National Recognition for County Child Support Efforts

One of the most challenging responsibilities we shoulder as a County is to enforce child support obligations by parents.

In one way, our job is simple: support the needs of children by enforcing the law. This can mean coming down hard on deadbat dads who are ignoring their responsibilities.

At the same time, it gets complicated because we know that simply locking people up for child support problems is not only expensive (and uses limited jailspace), but for those without means, it also will not likely lead to either gainful employment or the ultimate payment of child support. Indeed, it may push payments back even further, harming the child we're trying to help.

Like a lot of other issues in our criminal justice system, this requires a common sense balance, with a constant eye on the ultimate goal: supporting the children.

Given this challenge, it was great to see Hamilton County receive national recognition, by the National Association of Counties, for our efforts in this area:

In particular, the article highlighted innovative efforts we have made 1) to identify parents who owe child support, 2) to enforce payment through a range of tools, and 3) to connect parents to job training and gainful employment that will allow them to meet their obligations.

This third issue is a new approach I am excited about: The Seek Work program is a new effort that connects unemployed or "under"-employed people who owe child support to our Super Jobs Center (which, as described below, has had wonderful results recently).
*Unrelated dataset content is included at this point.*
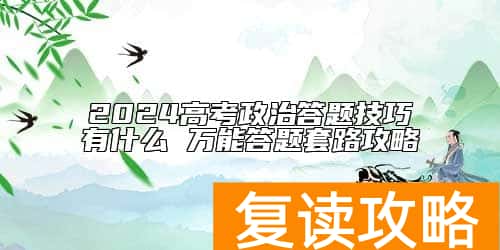 2024高考政治答题技巧有什么 万能答题套路攻略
Once there, they have the opportunity to find the work that will help them pay their obligation. Obviously, the more people who we can get on this path, the better.

The national attention on our efforts is great. But far more important, this common sense, balanced approach should help kids get the support they need and deserve.

1 comment:

Anonymous said...

This is an exemplary example of priority service delivery. By combining recipients of one service, child support, with the SuperJobs program - the gov't impacts positive results for both and the community.

The failure to receive child support is the number one indicator of childhood poverty and is directly linked to the absence of fathers in kids' lives.

Additionally, the Seek Work program often reduces criminal activity (because nonpayors are "busy" engaged in illegal ways to earn money that can't be tracked) and eliminates under the table wage earners who not only don't pay support, they don't pay taxes (an almost billion dollar loss of tax revenue in the state of Ohio according to the DOL).